* **THE DATA**
= = =
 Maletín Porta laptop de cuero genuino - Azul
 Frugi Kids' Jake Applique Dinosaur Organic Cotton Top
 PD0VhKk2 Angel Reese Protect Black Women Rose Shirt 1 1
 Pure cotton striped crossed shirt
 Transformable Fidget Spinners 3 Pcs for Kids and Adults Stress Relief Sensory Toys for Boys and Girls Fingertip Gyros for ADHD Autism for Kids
= = =
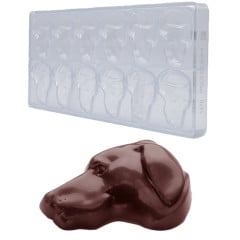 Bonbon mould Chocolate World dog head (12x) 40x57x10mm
= = =
* **YOUR ASSIGNMENT**
Set down only the lines above that fall between the line holding "Maletín Porta laptop de cuero genuino - Azul" and the line holding "Transformable Fidget Spinners", inclusive, keeping each exact.

* **EXERCISE OUTPUT**
 Maletín Porta laptop de cuero genuino - Azul
 Frugi Kids' Jake Applique Dinosaur Organic Cotton Top
 PD0VhKk2 Angel Reese Protect Black Women Rose Shirt 1 1
 Pure cotton striped crossed shirt
 Transformable Fidget Spinners 3 Pcs for Kids and Adults Stress Relief Sensory Toys for Boys and Girls Fingertip Gyros for ADHD Autism for Kids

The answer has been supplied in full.